= Sing Out March On =

2017 song by Joshuah Campbell

Sing Out/March On is a song by Joshuah Campbell released in 2017. Both the musical style and the lyrics call back to the songs of the civil rights era. The song was notably performed during Harvard University's 2018 commencement ceremony in honor of commencement speaker John Lewis.

==Inspiration and first performance==
In November of 2015, Harvard students held widespread demonstrations and marches in support of the Black Lives Matter movement. During this time, Campbell first conceived and performed Sing Out/March On. He considers writing and performing this song his most personally gratifying experience at Harvard. At the time, he imagined the song would soon lose its relevance, but realized that as we continue to find ourselves with "more and more reasons to fight injustice and oppression its call to action still rings true".

==Subsequent performances and recordings==
Campbell officially released a recording of the song on July 4, 2017, with himself as lead vocalist backed by a seven-piece band. All profits from the song went to benefit the Southern Poverty Law Center.

In May 2018 Joshuah Campbell backed by a small vocal ensemble performed an a cappella rendition of the song during Harvard's 2018 Commencement Ceremony as a tribute to John Lewis, who was the commencement speaker that year.

A similar small a cappella ensemble performed the piece with Campbell on CBS Sunday Morning in October of 2018.

On the evening of November 5, 2018, a chorus of over 600 singers performed the song at the Vietnam Veterans Memorial in Washington, DC as part of the Harmony Project's effort to get out the vote on the eve of the mid-term election.

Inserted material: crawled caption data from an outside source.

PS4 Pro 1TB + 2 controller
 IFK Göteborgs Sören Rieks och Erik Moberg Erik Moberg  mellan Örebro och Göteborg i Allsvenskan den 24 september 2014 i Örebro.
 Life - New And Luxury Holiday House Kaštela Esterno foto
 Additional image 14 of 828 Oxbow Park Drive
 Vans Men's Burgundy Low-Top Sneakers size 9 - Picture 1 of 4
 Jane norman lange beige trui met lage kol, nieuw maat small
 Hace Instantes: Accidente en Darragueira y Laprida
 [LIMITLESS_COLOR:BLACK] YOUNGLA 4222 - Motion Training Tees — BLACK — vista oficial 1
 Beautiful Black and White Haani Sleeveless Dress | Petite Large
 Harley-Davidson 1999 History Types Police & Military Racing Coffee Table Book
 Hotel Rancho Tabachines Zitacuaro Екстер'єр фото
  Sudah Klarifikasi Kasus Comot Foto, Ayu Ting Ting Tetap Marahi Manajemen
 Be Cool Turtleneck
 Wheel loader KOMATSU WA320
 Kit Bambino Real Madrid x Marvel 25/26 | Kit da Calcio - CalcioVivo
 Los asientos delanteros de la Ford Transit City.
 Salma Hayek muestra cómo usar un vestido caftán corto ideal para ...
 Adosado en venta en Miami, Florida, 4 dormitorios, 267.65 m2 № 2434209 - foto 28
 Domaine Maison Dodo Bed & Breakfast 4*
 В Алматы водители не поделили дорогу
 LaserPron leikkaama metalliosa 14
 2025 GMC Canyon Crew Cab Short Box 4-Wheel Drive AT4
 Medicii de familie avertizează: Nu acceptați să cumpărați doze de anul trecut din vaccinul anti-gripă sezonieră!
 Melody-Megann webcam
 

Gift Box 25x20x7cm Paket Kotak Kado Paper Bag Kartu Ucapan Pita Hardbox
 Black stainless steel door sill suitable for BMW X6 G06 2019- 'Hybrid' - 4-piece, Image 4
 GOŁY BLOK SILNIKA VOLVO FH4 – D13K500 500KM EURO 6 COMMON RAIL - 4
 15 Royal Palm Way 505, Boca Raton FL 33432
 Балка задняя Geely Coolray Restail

In December 2018, the Dorothy Cotton Jubilee Singers performed the song as part of their Holiday Concert at Ithaca College's Ford Hall. The soloist was Maria Ellis-Jordan.

==Composer==
Joshuah Brian Campbell is a 2016 graduate of Harvard University originally from Cheraw, South Carolina. He was named one of the twelve "most impressive students at Harvard" by Business Insider in 2016.